With the boundlessness of our spaces and the sparseness of the population (also a sufficiently objective sign, it would seem, of backwardness) the exchange of products presupposed a mediating role of trade-capital on the broadest scale. This scale was possible exactly because the West stood at a far higher level of development, had its own innumerable demands, sent out its merchants and its goods, and therewith stimulated our trade turnover with its extremely primitive, and in a certain measure barbarian, economic basis. Not to see this immense peculiarity of our historic development means not to see our whole history.

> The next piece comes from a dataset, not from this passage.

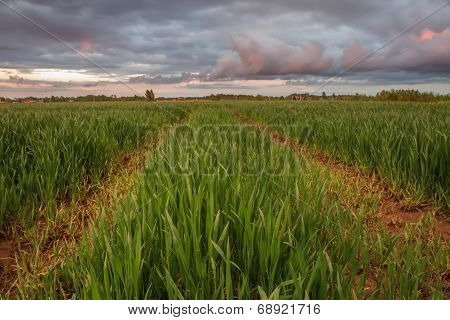 Cancer In Wheat Field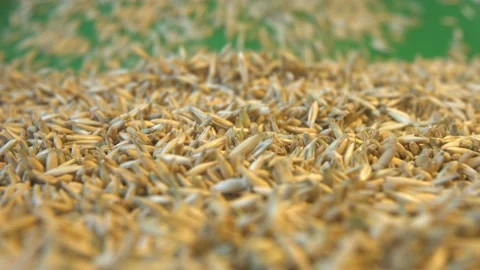 Oats in shell on green ecological background. Видео 121975385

My Siberian boss (I spent two months entering poods and arshines in his ledger), Jacob Andreievich Chernykh – this was not in the sixteenth century, but at the very beginning of the twentieth – enjoyed an almost unlimited rulership within the limits of Kirensky county, thanks to his trade operations. Jacob Andreievich bought up furs from the Tunghuz and bought in the parish contributions in kind from the priests of more remote districts, imported calico from the Irbitsk and Nizhni-Novgorod market, and above all supplied vodka. (In the Irkutsk province at that epoch the monopoly had not yet been introduced.) Jacob Andreievich was illiterate, but a millionaire (according to the value of the decimal in those days, not now). His “dictatorship,” as the representative of trade capital, was indubitable. He even always talked of ’my little Tunghuzi.” The city of Kirensk, like Verkholensk and Nizhni-Ilimsk, was a residence of sheriffs and magistrates, kulaks in hierarchical dependence one upon another, all kinds of officials, and a few wretched artisans. An organised handicraft as the basis of city economic life I did not find there, neither guilds, nor guild holidays, nor trade leagues, although Jacob Andreievich counted himself a member of the “second League.” Really this live bit of Siberian reality carries us far deeper into an understanding of the historic peculiarities of Russia’s development than what Pokrovsky says on this subject. That is a fact. The trade operations of Jacob Andreievich extended from the midstream of the Lena and its eastern tributaries to Nizhni-Novgorod and even Moscow. Few trades of Continental Europe can mark off such distances on their maps. However, this trade dictator – this ’king of clubs,” in the language of the Siberian farmers – was the most finished and convincing incarnation of our industrial backwardness, barbarism, primitiveness, sparseness of population, scatteredness of peasant towns and villages, impassable country roads, creating around the counties, districts and villages in the spring and autumn floods a two-months’ swampy blockade, of our universal illiteracy, etc., etc. And Chernykh had risen to his commercial importance on the basis of the Siberian (mid-Lensky) barbarism, because the West – “Rassea,” “Moskva” – was exerting pressure, and was taking Siberia in tow, creating a combination of nomad economic primitiveness with alarm clocks from Warsaw.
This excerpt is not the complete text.